Wednesday, February 24, 2010

Noah's Ark

Do Mormon's believe in a literal flood? Do they believe water covered the whole earth and all the trees and plant life died? All animals would not fit on Noah's Ark. He would have run out of food and water - and been unable to care for all those animals for 1 year. Plus, once they land, there would be no plant life. Seems far fetched to me - maybe a localized flood?

2 comments:

Anonymous said...

uh....what?

Brian said...

Now, this is a great question!

Donald Parry answers this in the Jan 98 Ensign.
Here is a link:
http://www.lds.org/ldsorg/v/index.jsp?hideNav=1&locale=0&sourceId=4a5557b60090c010VgnVCM1000004d82620a____&vgnextoid=2354fccf2b7db010VgnVCM1000004d82620aRCRD

He unequivocally states that LDS believe that the Flood covered the entire earth. Alot of scholars cite research or scholarship demonstrating when Noah said the whole earth, he meant only the Fertile Crescent or Mesopotamia. Parry disputes this with scriptures and citations of McConkie and Joseph Fielding Smith.
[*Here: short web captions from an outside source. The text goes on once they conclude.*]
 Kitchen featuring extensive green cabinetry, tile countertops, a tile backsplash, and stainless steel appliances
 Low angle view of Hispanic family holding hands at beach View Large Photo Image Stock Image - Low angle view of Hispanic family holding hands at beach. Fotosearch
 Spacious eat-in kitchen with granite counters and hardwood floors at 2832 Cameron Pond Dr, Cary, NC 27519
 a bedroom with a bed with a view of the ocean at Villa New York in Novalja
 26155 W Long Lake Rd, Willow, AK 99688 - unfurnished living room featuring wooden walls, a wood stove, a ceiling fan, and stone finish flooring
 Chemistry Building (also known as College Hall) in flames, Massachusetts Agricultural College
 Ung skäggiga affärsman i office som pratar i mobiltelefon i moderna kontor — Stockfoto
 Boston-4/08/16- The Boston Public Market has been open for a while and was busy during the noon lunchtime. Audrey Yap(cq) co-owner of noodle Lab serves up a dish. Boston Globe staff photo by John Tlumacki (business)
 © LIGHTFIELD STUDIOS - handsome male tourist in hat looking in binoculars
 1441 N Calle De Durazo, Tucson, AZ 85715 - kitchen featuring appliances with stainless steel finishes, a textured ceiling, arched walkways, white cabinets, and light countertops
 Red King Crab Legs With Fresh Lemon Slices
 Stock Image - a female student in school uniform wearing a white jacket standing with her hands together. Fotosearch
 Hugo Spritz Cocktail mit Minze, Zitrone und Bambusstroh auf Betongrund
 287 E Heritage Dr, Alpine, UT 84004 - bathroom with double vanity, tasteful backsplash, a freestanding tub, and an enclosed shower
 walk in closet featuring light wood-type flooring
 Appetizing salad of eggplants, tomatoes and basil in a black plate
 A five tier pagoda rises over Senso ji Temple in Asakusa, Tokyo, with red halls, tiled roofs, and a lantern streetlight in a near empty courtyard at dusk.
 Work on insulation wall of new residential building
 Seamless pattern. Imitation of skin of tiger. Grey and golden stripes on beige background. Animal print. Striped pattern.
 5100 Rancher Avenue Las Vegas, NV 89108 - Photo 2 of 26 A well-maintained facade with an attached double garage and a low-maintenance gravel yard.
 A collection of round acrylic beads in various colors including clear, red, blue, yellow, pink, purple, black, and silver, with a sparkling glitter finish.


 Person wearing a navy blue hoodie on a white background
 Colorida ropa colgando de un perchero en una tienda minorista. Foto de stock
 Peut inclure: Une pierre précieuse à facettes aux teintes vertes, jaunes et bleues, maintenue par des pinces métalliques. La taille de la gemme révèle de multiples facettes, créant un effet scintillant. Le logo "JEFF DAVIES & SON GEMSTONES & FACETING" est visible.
Which would be consistent with the notion of the Earth's "baptism", and not *sprinkling*, so to speak.

Although, personally, I think I would be OK if it just flooded the region and destroyed all the wicked people and innocent animals there, as opposed to a global inundation. It would not be a testimony-shaker for me to discover that Machu Pichu or Mt McKinley weren't completely immersed. Altho the Bible is clear that all inhabitants save Noah's 8 were all destroyed; there were no other human survivors but those in the ark.

On a sidenote, in this article he describes how the Tower of Babel was actually a false Temple. That by "trying to reach heaven" has implications of mimicking temple worship, which has deeper understanding to LDS, and not just building a tall tower or ziggurat and walking up into heaven. Never knew that.